SCOTT TONG: Today's story is brought to you by the acronym CFIUS. That's the government panel that scours foreign deals for national security threats. Here's the President today.
PRESIDENT BUSH: I'm convinced at the recommendation of the CFIUS Committee as well as our military that it's a sale that should go through.
That means Dubai International Capital can buy Doncasters Group — it makes parts for American fighters and tanks. The deal is worth $1.2 billion.
Todd Malan speaks CFIUS, too. He represents US subsidiaries of foreign firms, and says the review panel looked longer and harder at this Dubai deal.
TODD MALAN: This time around the CFIUS process could be described as kind of the Full Monty. This was a very thorough review, the most senior people in the administration, reviewing the intelligence.
This time, the administration extracted promises from the company — to ensure the supply of weapons parts. And it made sure to clear the deal with Congress beforehand.
MALAN: Unfortunately for Dubai Ports, they tried to kind of take a keep-your-head-down strategy.

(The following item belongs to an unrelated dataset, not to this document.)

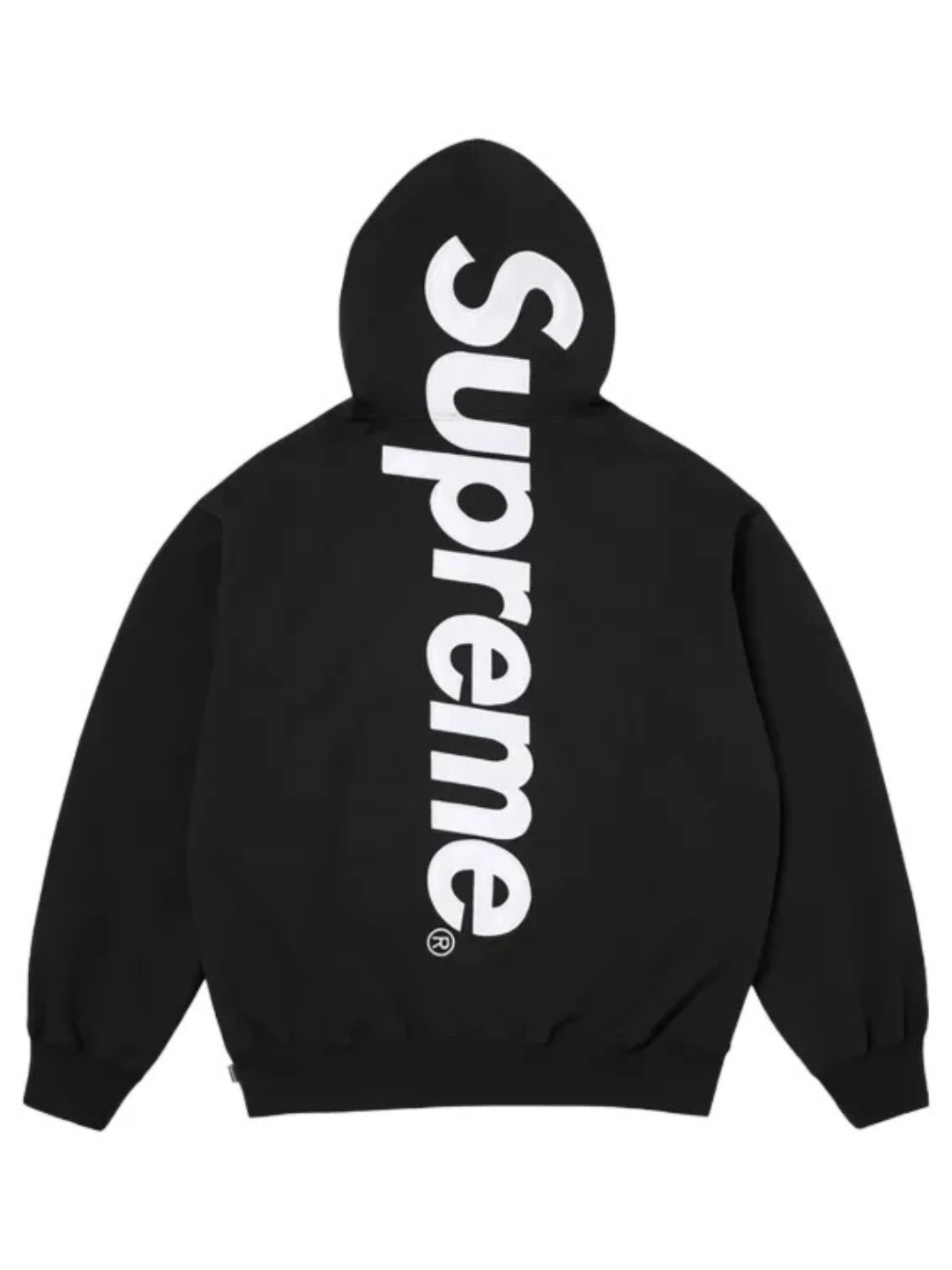 Supreme Satin Applique Hooded Sweatshirt Black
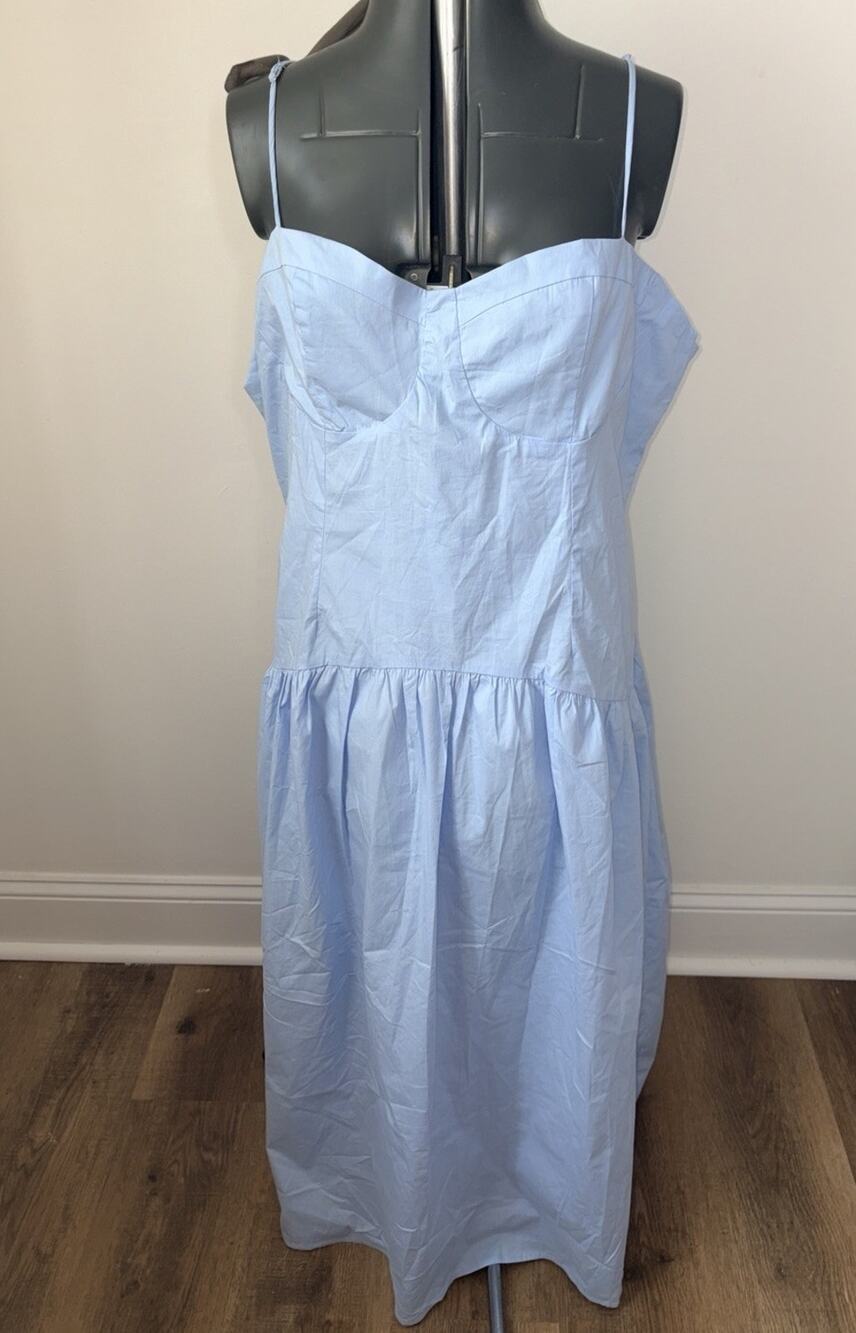 NWT Peppermayo Yvette Blue Cotton Corset Midi Sundress Womens US 18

And it didn't work.
Much of the business lobby credits the White House for doing this. CEOs, banks and manufacturers all want Congress to stay out of the process. And, for now, the storm has passed.
Still, Bill Reinsch of the National Foreign Trade Council says it only takes one case for politicians to wave what he considers the xenophobia flag.
BILL REINSCH: Whether it's, you know, an Arab acquisition or more likely a Chinese acquisition, I think the issue will come up in a big way, over and over again.
Especially in an election year, When lawmakers are particularly tempted to pick politics over nuance.
In Washington, I'm Scott Tong for Marketplace.